Descents into madness and/or hell are standard in horror – and of course represented at this festival - and in this way ‘Climax’ fits the horror mould: it’s not a fall into an orgy of gore and Bosch-like terrors, but there’s nothing truly stretching the realms of plausibility. In this way it’s all the more unsettling. It’s not a character piece, but the various personalities come through enough to make it a tragedy that we start out at a place of ensemble exuberance and, when the barriers are down, fall into the realms of irresponsibility and debauchery. By the end, it falls into the realms of an upside down camera with strobing editing which left me wondering what the hell was going on and I gave up trying to decipher; it’s only at this final hurdle that Noé lets the camera interfere instead of observe.

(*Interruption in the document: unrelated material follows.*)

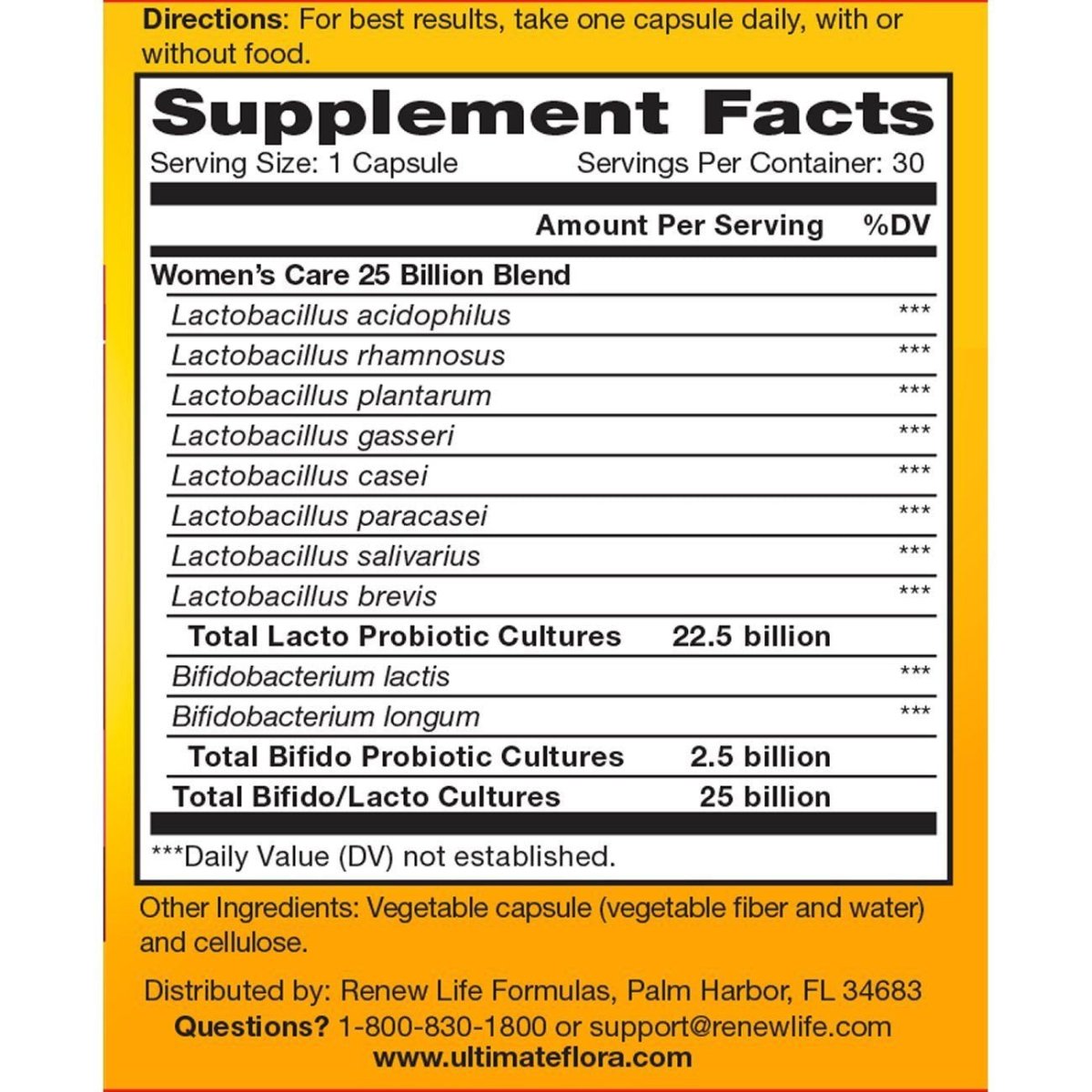 renew-life-cleansesmart-2-part-kit-120-capsules631257534507-3022035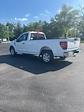 2024 Ford F-150 Regular Cab RWD, Pickup for sale #T40475 - photo 2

But otherwise, it’s formally engrossing with its long takes and convincingly lays out its improvisations and decline into cruelty in real time. But it’s true that from the evidence of the first half of the film that Noé would do just fine with a ensemble piece if he ever decided to step away from being a shockmeister. Perhaps the camera is searching too hard to find the next outrage. It’s conclusion that our civility is a tissue-thin construct is an old one, but this mixture of dance and decadence is vibrant and compelling where hell is on the dancefloor.